Checkpoint inhibitors largely fail in testicular germ cell tumors despite PD-L1 expression and tumor-infiltrating lymphocytes — a review argues miRNAs may explain why
Journal: Frontiers in Immunology | Published: 2026-06-11 | Type: Review | PMID: 42367805 Authors: Lopez-Saavedra A, Díaz-Chávez J, Jimenez-Ríos MA, Scavuzzo A (Tecnologico de Monterrey; Instituto Nacional de Cancerología, Mexico City) Funding/COI: Funding not listed. Authors declare no commercial or financial conflicts of interest.

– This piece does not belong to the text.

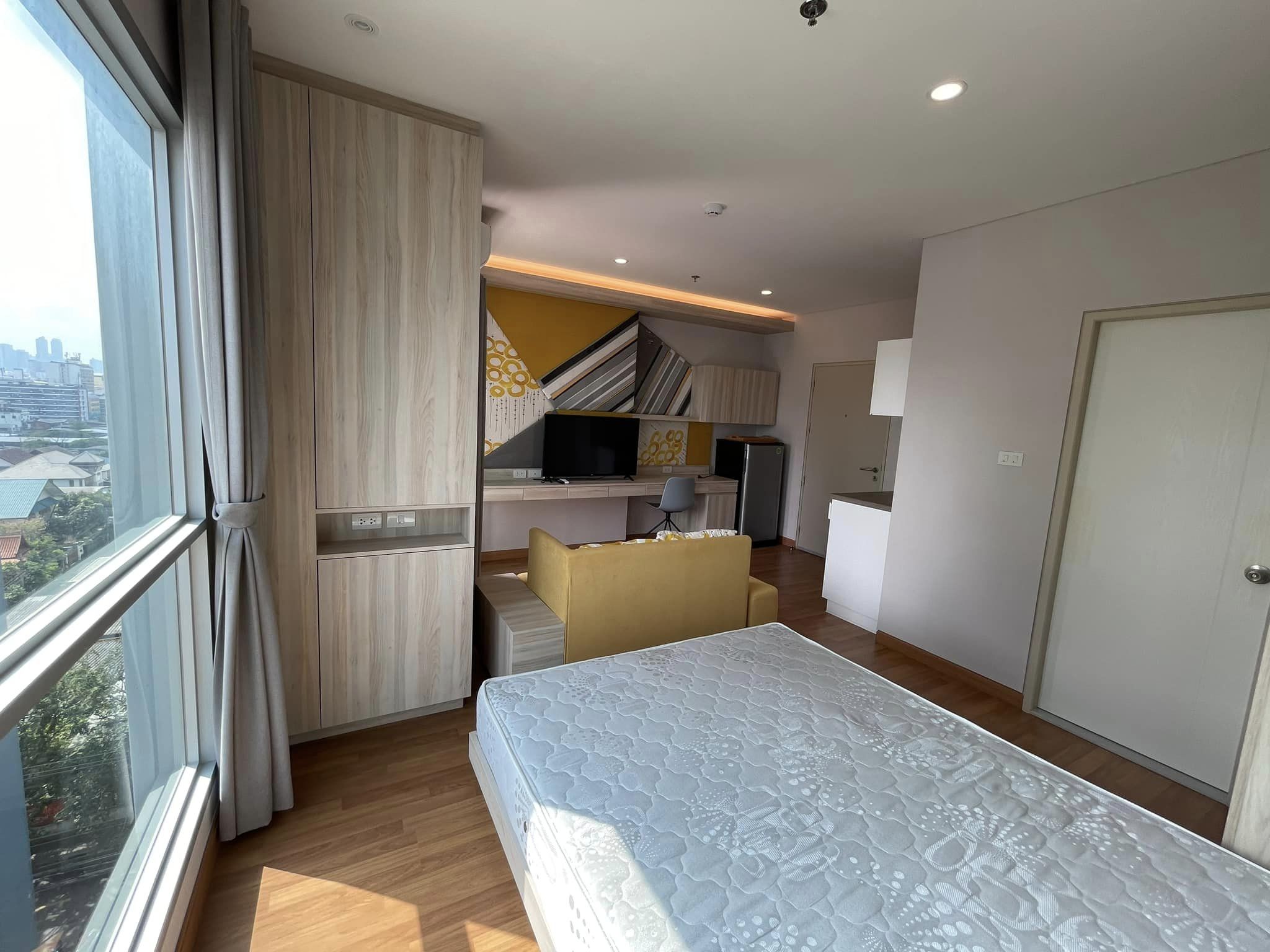 สนใจชมห้องติดต่อได้เลย Line ID: Smile-easy ปล่อยเช่าคอนโด Lumpini Park Vibhavadi-Chatuchak (ลุมพินี พาร์ค วิภาวดี-จตุจักร) - Studio 1ห้องน้ำ - ใกล้ MRT จตุจักร BTS หมอซิต - ขนาดห้อง 24.5 ตรม. ชั้น 9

Testicular germ cell tumors (TGCTs) are the most common solid malignancies in young men and are highly curable with cisplatin-based therapy — but a clinically meaningful subset relapses or becomes platinum-refractory, with limited salvage options. Immune checkpoint inhibitors, which have transformed outcomes in many cancers, have produced largely disappointing results in TGCT despite these tumors often expressing PD-L1 and harboring tumor-infiltrating lymphocytes. This narrative review argues that microRNAs (miRNAs) are upstream regulators sitting above most known resistance mechanisms — simultaneously influencing antigen presentation, checkpoint expression, macrophage polarization, and T-cell exhaustion — and proposes combining miRNA-based strategies with epigenetic priming, radiotherapy, vaccines, or CAR-T approaches to convert immunologically "cold" TGCTs into tumors capable of sustaining anti-tumor immunity.
This is a narrative review, not a systematic review or meta-analysis. No search strategy is described, no PRISMA flow chart, no inclusion/exclusion criteria. Without a documented search methodology, there is no way to assess whether the cited literature is representative or cherry-picked. No new data are presented; this is a conceptual framework paper proposing mechanisms and therapeutic combinations. The authors do not report patient numbers, effect sizes, or p-values, because this paper does not aggregate trial results — it synthesizes biological hypotheses.
The authors themselves acknowledge that "many proposed TGCT-associated miRNAs with an immunoregulatory role are still inferential rather than causally validated in disease-specific models." That admission is scientifically honest, but it also defines the ceiling of what this paper can claim.
Read this if you are designing the next TGCT immunotherapy trial and need a map of what remains unknown. The paper's most useful function is diagnostic: it explains, with appropriate humility, why checkpoint inhibitors have underperformed in a disease that looks immunologically active on the surface. The miRNA hypothesis is intellectually interesting and mechanistically plausible, but the clinical and translational validation work has not been done. There are no effect sizes here, no patient outcomes, and no TGCT-specific experiments supporting the proposed combinations. This is a well-organized research roadmap, not a report of findings.